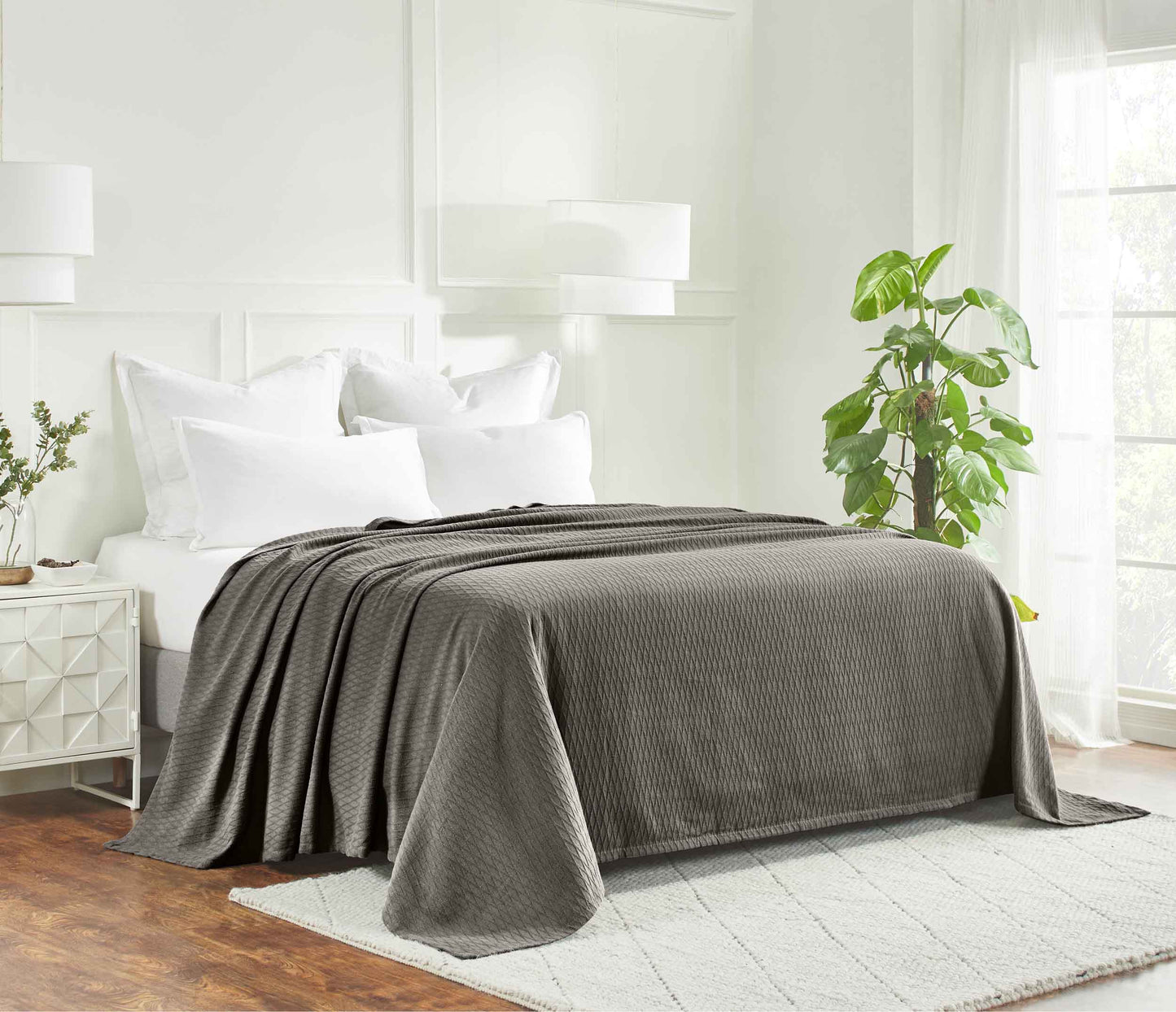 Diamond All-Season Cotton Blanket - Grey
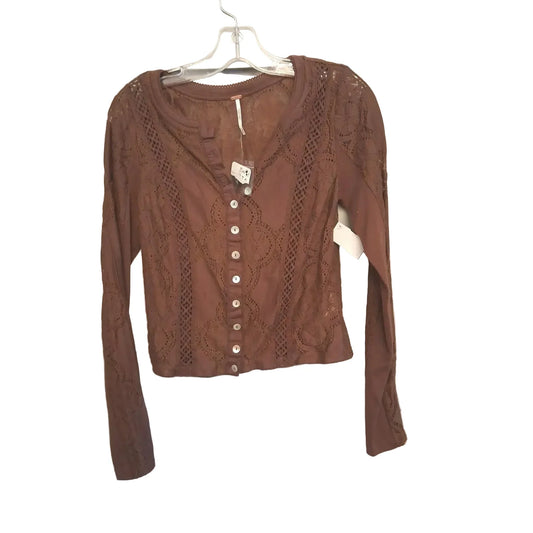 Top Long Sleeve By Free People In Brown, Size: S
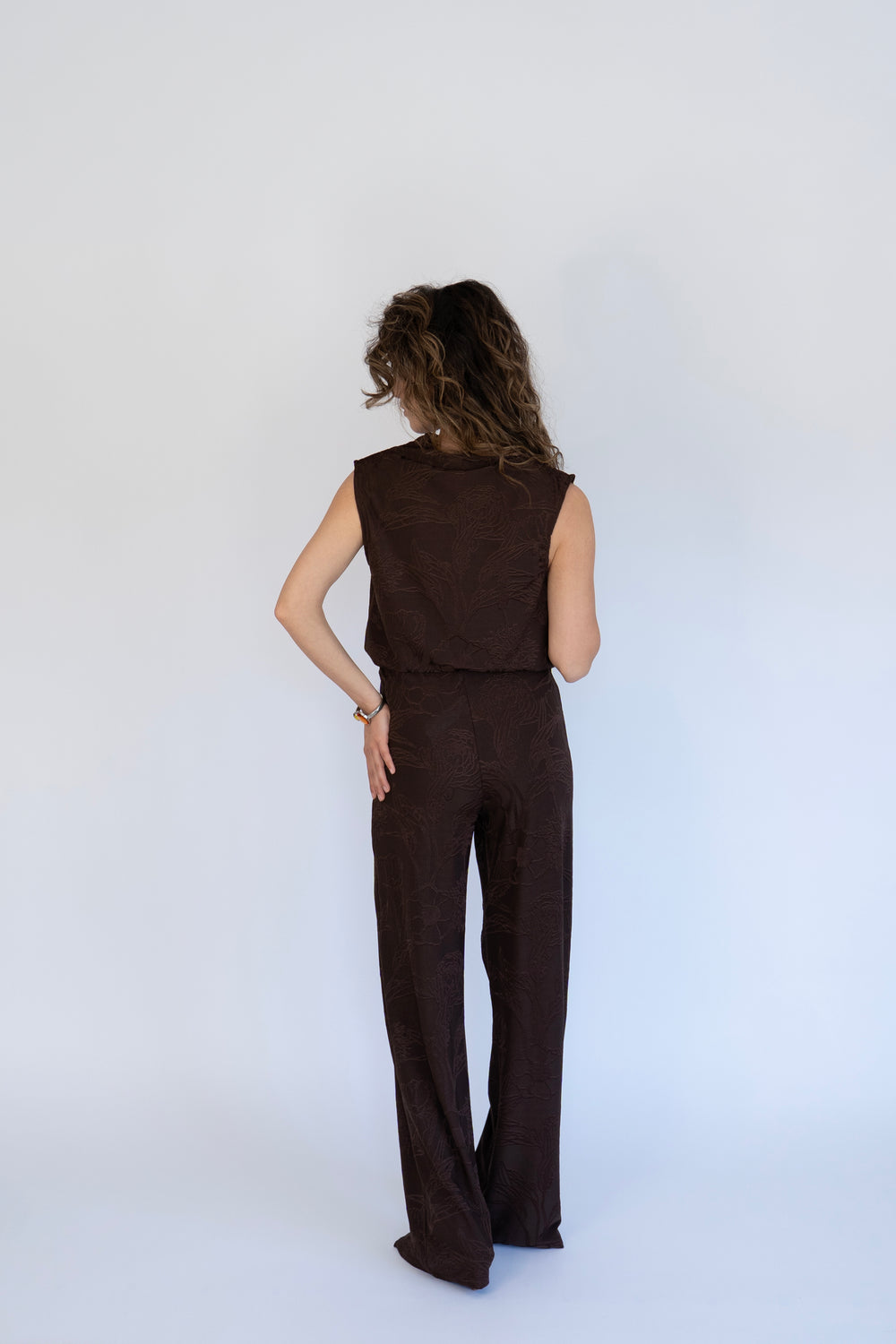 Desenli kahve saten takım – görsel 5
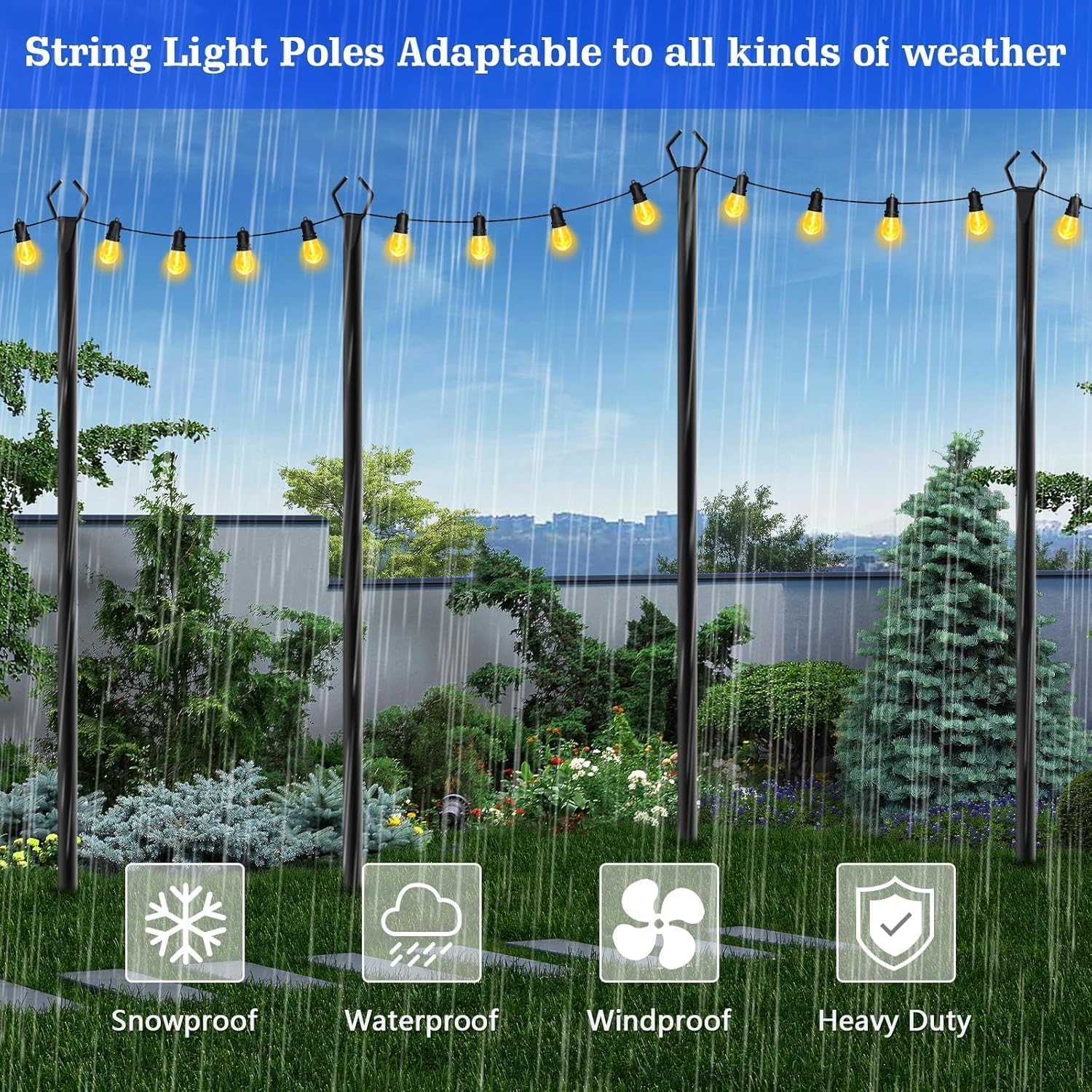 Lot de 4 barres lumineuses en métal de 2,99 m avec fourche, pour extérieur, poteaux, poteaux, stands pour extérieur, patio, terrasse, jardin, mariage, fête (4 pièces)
--
▶ **What is needed**:
Output the full material above exactly, leaving every picture out.

▶ **Response to this task**:
 Diamond All-Season Cotton Blanket - Grey
 Top Long Sleeve By Free People In Brown, Size: S
 Desenli kahve saten takım – görsel 5
 Lot de 4 barres lumineuses en métal de 2,99 m avec fourche, pour extérieur, poteaux, poteaux, stands pour extérieur, patio, terrasse, jardin, mariage, fête (4 pièces)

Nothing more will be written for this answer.